Первая ночь, проведенная мною в кубрике охотников, оказалась также и последней. На другой день новый помощник Иогансен был изгнан капитаном из его каюты и переселен в кубрик к охотникам. А мне велено было перебраться в крохотную каютку, в которой до меня в первый же день плавания сменилось уже два хозяина. Охотники скоро узнали причину этих перемещений и остались ею очень недовольны. Выяснилось, что Иогансен каждую ночь вслух переживает во сне все свои дневные впечатления. Волк Ларсен не пожелал слушать, как он непрестанно что-то бормочет и выкрикивает слова команды, и предпочел переложить эту неприятность на охотников.

После бессонной ночи я встал слабый и измученный. Так начался второй день моего пребывания на шхуне «Призрак». Томас Магридж растолкал меня в половине шестого не менее грубо, чем Билл Сайкс будил свою собаку. Но за эту грубость ему тут же отплатили с лихвой. Поднятый им без всякой надобности шум - я за всю ночь так и не сомкнул глаз - потревожил кого-то из охотников. Тяжелый башмак просвистел в полутьме, и мистер Магридж, взвыв от боли, начал униженно рассыпаться в извинениях. Потом в камбузе я увидел его окровавленное и распухшее ухо. Оно никогда уже больше не приобрело своего нормального вида, и матросы стали называть его после этого «капустным листом».

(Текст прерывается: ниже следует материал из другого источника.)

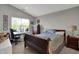 Comfortable bedroom with neutral tones and a large window for ample natural light at 12030 Driftstone Dr, Fishers, IN 46037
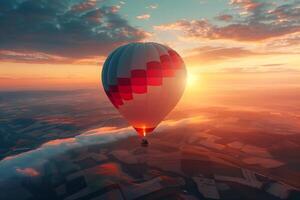 An enchanting hot air balloon ride at sunrise, with the golden glow over patchwork fields below photo
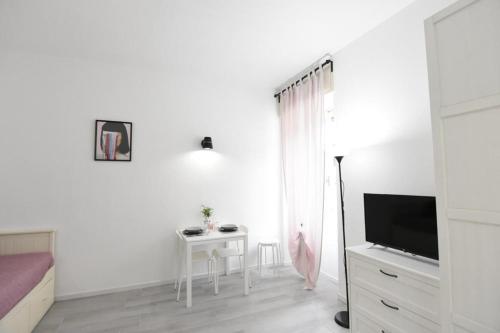 TV a/nebo společenská místnost v ubytování La Casa di Oreno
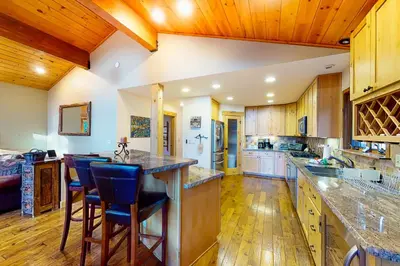 a large kitchen with wooden cabinets and blue bar stools at St Bernard Oasis in Truckee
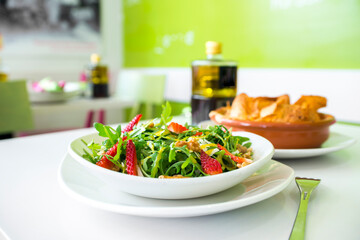 Green arugula salad, chopped strawberries, walnuts and parmesan cheese in flakes, olive oil and vinegar vinaigrette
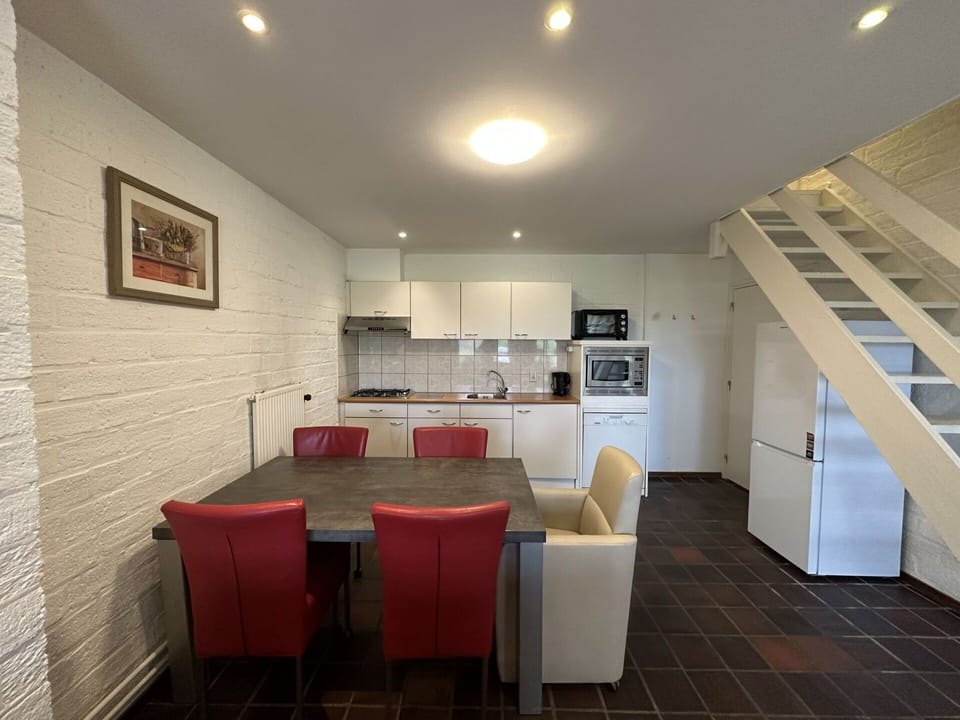 Property, Furniture, Table, Chair, Picture Frame, Interior Design, Flooring, Hall, Wood, Floor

Этот день был полон для меня самых разнообразных неприятностей. Уже с вечера я взял из камбуза свое высохшее платье и теперь первым делом поспешил сбросить с себя вещи кока, а затем стал искать свой кошелек. Кроме мелочи (у меня на этот счет хорошая память), там лежало сто восемьдесят пять долларов золотом и бумажками. Кошелек я нашел, но все его содержимое, за исключением мелких серебряных монет, исчезло. Я заявил об этом коку, как только поднялся на палубу, чтобы приступить к своей работе в камбузе, и хотя и ожидал от него грубого ответа, однако свирепая отповедь, с которой он на меня обрушился, совершенно меня ошеломила.

- Вот что, Хэмп, - захрипел он, злобно сверкая глазами. - Ты что, хочешь, чтобы тебе пустили из носу кровь? Если ты считаешь меня вором, держи это про себя, а не то крепко пожалеешь о своей ошибке, черт тебя подери! Вот она, твоя благодарность, чтоб я пропал! Я тебя пригрел, когда ты совсем подыхал, взял к себе в камбуз, возился с тобой, а ты так мне отплатил? Проваливай ко всем чертям, вот что! У меня руки чешутся показать тебе дорогу.

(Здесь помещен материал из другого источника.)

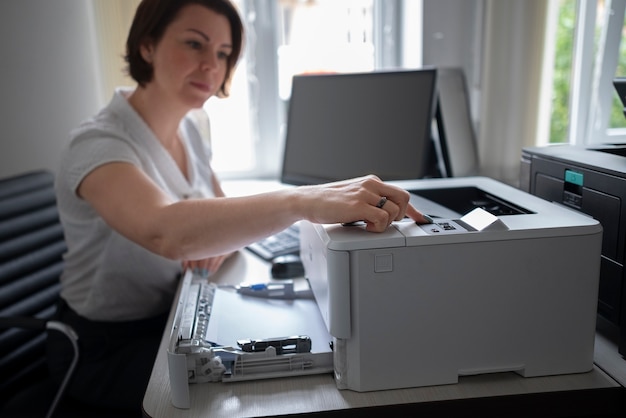 Kostenloses Foto frau mit drucker im büro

Сжав кулаки и продолжая кричать, он двинулся на меня. К стыду своему должен признаться, что я, увернувшись от удара, выскочил из камбуза. Что мне было делать? Сила, грубая сила, царила на этом подлом судне. Читать мораль было здесь не в ходу. Вообразите себе человека среднего роста, худощавого, со слабыми, неразвитыми мускулами, привыкшего к тихой, мирной жизни, незнакомого с насилием... Что такой человек мог тут поделать? Вступать в драку с озверевшим коком было так же бессмысленно, как сражаться с разъяренным быком.

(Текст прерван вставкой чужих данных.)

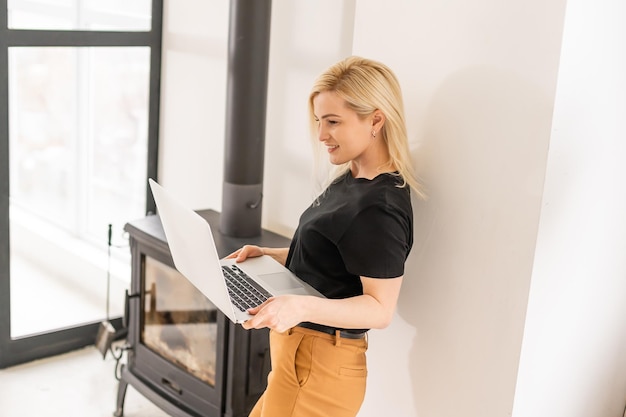 Travail à distance à domicile, indépendant pendant la quarantaine covid-19. Dame souriante assise et travaillant sur un ordinateur portable dans un intérieur confortable de salon, espace libre.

Так думал я в то время, испытывая потребность в самооправдании и желая успокоить свое самолюбие. Но такое оправдание не удовлетворило меня, да и сейчас, вспоминая этот случай, я не могу полностью себя обелить. Положение, в которое я попал, не укладывалось в обычные рамки и не допускало рациональных поступков - тут надо было действовать не рассуждая. И хотя логически мне, казалось, абсолютно нечего было стыдиться, я тем не менее всякий раз испытываю стыд при воспоминании об этом эпизоде, ибо чувствую, что моя мужская гордость была попрана и оскорблена.

Однако все это не относится к делу. Я удирал из камбуза с такой поспешностью, что почувствовал острую боль в колене и в изнеможении опустился на палубу у переборки юта. Но кок не стал преследовать меня.

- Гляньте на него! Ишь как улепетывает! - услышал я его насмешливые возгласы. - А еще с больной ногой! Иди назад, бедняжка, маменькин сынок! Не трону, не бойся!

Я вернулся и принялся за работу. На этом дело пока и кончилось, однако оно имело свои последствия. Я накрыл стол в кают-компании и в семь часов подал завтрак. Буря за ночь улеглась, но волнение было все еще сильное и дул свежий ветер. «Призрак» мчался под всеми парусами, кроме обоих топселей и бом-кливера. Паруса были поставлены в первую вахту, и, как я понял из разговора, остальные три паруса тоже решено было поднять сейчас же после завтрака. Я узнал также, что Волк Ларсен старается использовать этот шторм, который гнал нас на юго-запад, в ту часть океана, где мы могли встретить северо-восточный пассат. Под этим постоянным ветром Ларсен рассчитывал пройти большую часть пути до Японии, спуститься затем на юг к тропикам, а потом у берегов Азии повернуть опять на север.

После завтрака меня ожидало новое и также довольно незавидное приключение. Покончив с мытьем посуды, я выгреб из печки в кают-компании золу и вынес ее на палубу, чтобы выбросить за борт. Волк Ларсен и Гендерсон оживленно беседовали у штурвала. На руле стоял матрос Джонсон. Когда я двинулся к наветренному борту, он мотнул головой, и я принял это за утреннее приветствие. А он пытался предостеречь меня, чтобы я не выбрасывал золу против ветра. Ничего не подозревая, я прошел мимо Волка Ларсена и охотника и высыпал золу за борт. Ветер подхватил ее, и не только я сам, но и капитан с Гендерсоном оказались осыпанными золой. В тот же миг Ларсен ударил меня ногой, как щенка. Я никогда не представлял себе, что пинок ногой может быть так ужасен. Я отлетел назад и, шатаясь, прислонился к рубке, едва не лишившись сознания от боли. Все поплыло у меня перед глазами, к горлу подступила тошнота. Я сделал над собой усилие и подполз к борту. Но Волк Ларсен уже забыл про меня.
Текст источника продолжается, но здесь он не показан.